This study aligns itself with a dispersed body of media research that focuses on the relationship between democracy, ideology and legitimacy. This research has stressed the importance of elite ideology in how the media constructs foreign political subjects and events as compatible with democracy (Garyantes and Murphy 2010; Herman and Chomsky 2002, 87–142; Kim 2000); it has given insight into how discourses on democracy, among others, are intertwined with the legitimization of a neoliberal world order (Moyo 2010) and of US national interests (Duncan 2012).

This study makes an important contribution to the field by showing how discourses on populism and power concentration serve to construct deviance in opposition to what is perceived as legitimate democracy. Moreover, the study argues that such discourse reveals the presuppositions of liberal conceptions of democracy. In this sense, constructions of (il)legitimate democracy serve to denounce potential abuses of governmental power but fail to recognize democracy in the context of a social struggle against the effects of neoliberalism and capitalism.

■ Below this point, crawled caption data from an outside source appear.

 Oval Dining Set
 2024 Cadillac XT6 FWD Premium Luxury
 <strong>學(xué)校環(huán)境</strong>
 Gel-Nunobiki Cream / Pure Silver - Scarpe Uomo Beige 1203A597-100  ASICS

Next, the study’s theoretical framework is presented, a section that is followed by the presentation of methods and empirical materials. Subsequently, the study’s results are accounted for. The paper concludes with a discussion of the relationships among discourses on democracy, legitimacy and liberalism, along with a brief suggestion for how future research can develop further understanding of democracy as a discursive media practice.

Theoretical Framework

Following the principles of critical discourse analysis (CDA), this paper is interested in how democracy is discursively constructed in the media. Discourse is here understood as “language use in speech and writing”, which in turn is a form of “social practice” (Fairclough and Wodak 1997, 258). Furthermore, discourse is understood as situated in a dialectical relationship with its sociopolitical context, which means that language use can both shape and be shaped by its context (Fairclough and Wodak 1997; Wodak 2001). In turn, the study argues that discourse constitutes a type of soft power that serves to legitimize or delegitimize specific structures and practices. Following Chouliaraki’s (2005, 3) discussions on the Iraq war, legitimacy is conceived as constructing something as “legally and morally acceptable”. Discourses’ ability to construct (il)legitimacy is an aspect of their ideological workings.

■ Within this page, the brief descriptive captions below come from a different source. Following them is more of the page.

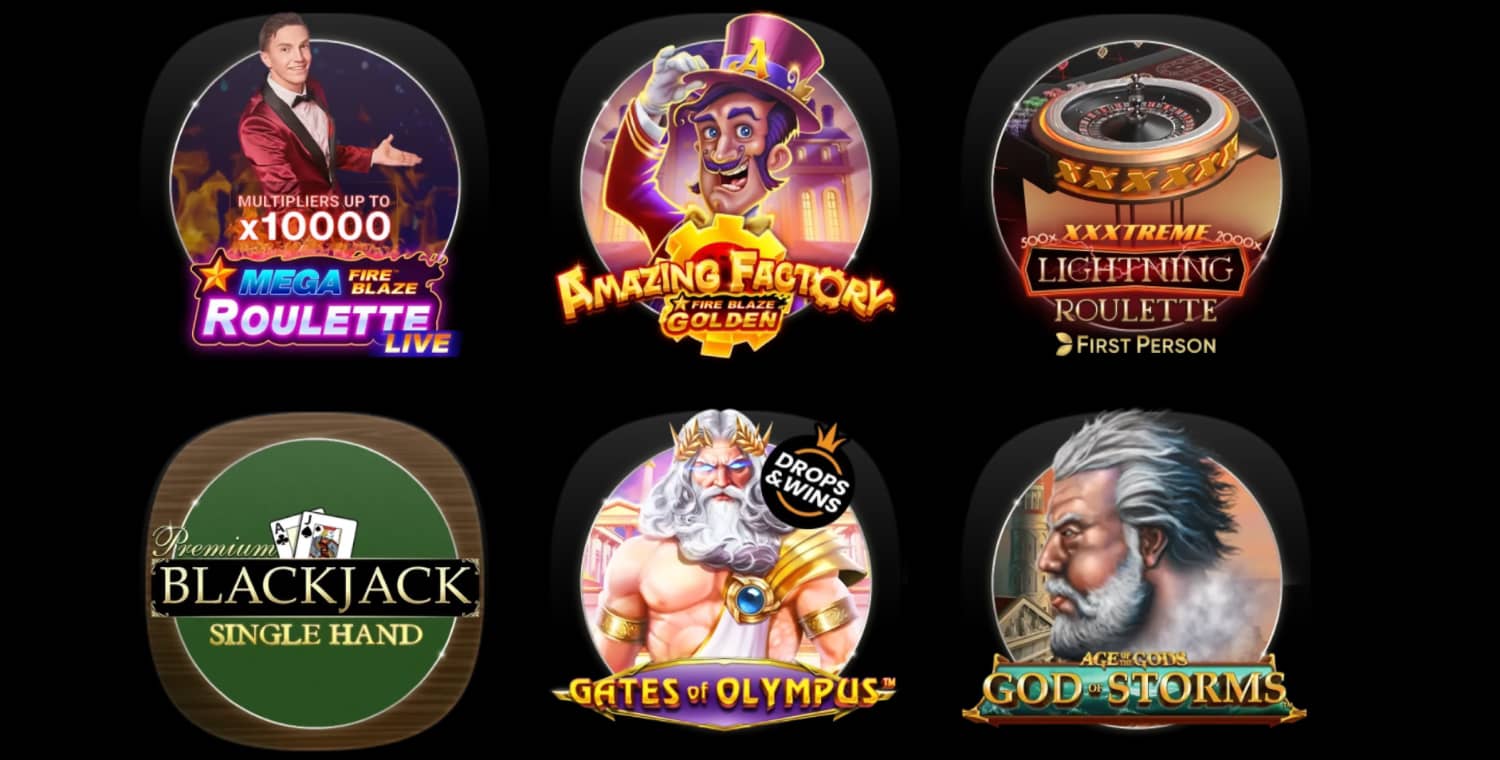 888Casino الألعاب الشعبية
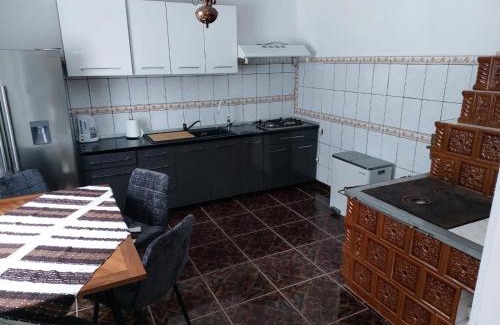 Fundu Moldovei House | Pensiunea Adela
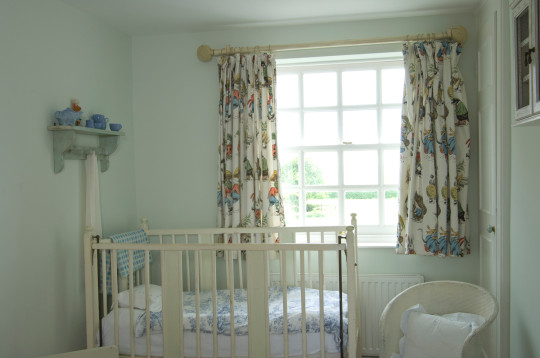 Farrow & Ball Estate Emulsion Archivton - 2,5l - Pavilion Blue 252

The ideological workings of discourse are best explained when conceptualized as part of what the Italian communist intellectual Antonio Gramsci (1971) calls hegemony. According to Gramsci, the ruling classes in capitalist societies exercise power primarily through hegemony, which is a form of “intellectual and moral leadership” (Gramsci 1971, 57). Unlike domination, which according to Gramsci is exercised through coercion, hegemony requires the consent of the dominated. This difference, in turn, makes ideological struggles highly significant for the purpose of securing consent among the population, given that people “acquire consciousness of structural conflicts on the level of ideologies” (Gramsci 1971, 365).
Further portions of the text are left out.